(PROVIDED ENTRIES):

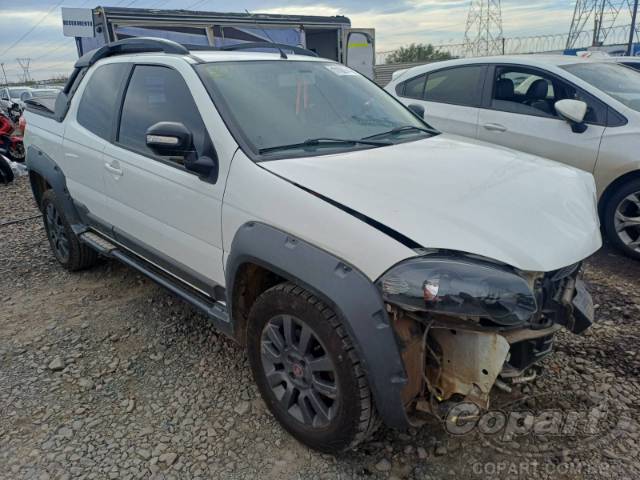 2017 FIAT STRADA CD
==
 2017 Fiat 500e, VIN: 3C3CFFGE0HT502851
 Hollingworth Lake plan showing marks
==
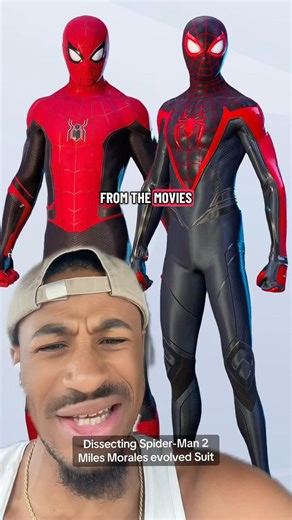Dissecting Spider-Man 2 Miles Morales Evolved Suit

(ABOUT THIS TASK):
Please, from the material above, copy only the lines from the line with "2017 Fiat 500e, VIN: 3C3CFFGE0HT502851" up to and including the line with "Hollingworth Lake plan showing marks", exactly as written.

(EXERCISE RESULT):
 2017 Fiat 500e, VIN: 3C3CFFGE0HT502851
 Hollingworth Lake plan showing marks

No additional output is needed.